Chaske Spencer plays an alcoholic Blackfoot Indian man whose wife has run away in “Winter in the Blood,” set in Montana. Credit KBD Photography/Kino Lorber
Chaske Spencer plays an alcoholic Blackfoot Indian man whose wife has run away in “Winter in the Blood,” set in Montana. Credit KBD Photography/Kino Lorber

‘Winter in the Blood,’ a Drama About Alcoholism

By JEANNETTE CATSOULIS

WINTER IN THE BLOOD

Opens on Wednesday, Aug 20, 2014

Directed by Alex Smith

and Andrew Smith

1 hour 38 minutes; not rated

Like its broken antihero, an alcoholic Blackfoot Indian named Virgil First Raise (Chaske Spencer), “Winter in the Blood” lacks energy and volition. What it doesn’t lack is compassion, either for the wounds of childhood or the trap of ethnicity.

Filming in their home state, Montana, the brothers Alex Smith and Andrew Smith (adapting a 1974 novel by the Native American writer James Welch) sweat to translate Virgil’s existential pain into a visual narrative. Scenes dissolve and bleed into one another as he staggers between a small, arid town and the farmhouse he shares with his tart-tongued mother and his silent grandmother. Rarely without a flask or bottle at his lips (we first meet him passed out in a ditch), Virgil has a bloated, tipsy gait and a lost-boy look.
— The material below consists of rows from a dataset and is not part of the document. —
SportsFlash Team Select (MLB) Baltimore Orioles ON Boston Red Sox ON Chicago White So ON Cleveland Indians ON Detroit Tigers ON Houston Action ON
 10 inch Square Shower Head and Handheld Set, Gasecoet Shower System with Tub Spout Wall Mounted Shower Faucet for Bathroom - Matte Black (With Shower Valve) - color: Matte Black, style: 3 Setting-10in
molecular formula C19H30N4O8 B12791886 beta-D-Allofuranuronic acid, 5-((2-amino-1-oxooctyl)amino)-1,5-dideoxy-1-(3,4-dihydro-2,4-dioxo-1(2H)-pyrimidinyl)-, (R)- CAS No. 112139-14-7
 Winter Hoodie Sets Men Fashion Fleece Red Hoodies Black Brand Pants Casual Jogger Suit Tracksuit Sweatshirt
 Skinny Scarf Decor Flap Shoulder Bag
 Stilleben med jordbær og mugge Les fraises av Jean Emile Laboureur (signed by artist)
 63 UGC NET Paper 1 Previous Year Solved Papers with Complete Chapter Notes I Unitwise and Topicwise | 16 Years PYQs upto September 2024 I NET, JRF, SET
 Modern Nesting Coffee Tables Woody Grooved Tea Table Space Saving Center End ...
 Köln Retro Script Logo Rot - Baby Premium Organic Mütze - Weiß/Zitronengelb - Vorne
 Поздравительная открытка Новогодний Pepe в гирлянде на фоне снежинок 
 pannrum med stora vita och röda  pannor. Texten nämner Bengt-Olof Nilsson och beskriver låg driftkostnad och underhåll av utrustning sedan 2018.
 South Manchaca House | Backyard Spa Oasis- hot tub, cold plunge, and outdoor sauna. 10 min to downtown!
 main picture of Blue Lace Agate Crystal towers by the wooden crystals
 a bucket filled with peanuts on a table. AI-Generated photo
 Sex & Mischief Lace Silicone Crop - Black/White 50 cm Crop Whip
He also has a runaway wife and a black hole where his identity should be.

Similar to the brothers’ previous feature, “The Slaughter Rule” (2002), “Winter” buckles beneath male conflict and heavy-handed metaphors. But the cinematographer, Paula Huidobro, captures the Montana plains and infinite skyline in wide, lyrical sweeps, while gauzy cross-fades parallel the ebb and flow of Virgil’s memories and hallucinations. Real and surreal weave together, and an impeccably chosen soundtrack — by, among others, the Heartless Bastards and Robert Plant — reinforces a mood that veers from dreamy to violent with shocking suddenness.

The journey from page to screen may have battered Mr. Welch’s novel, but its lamenting heart beats loud and clear.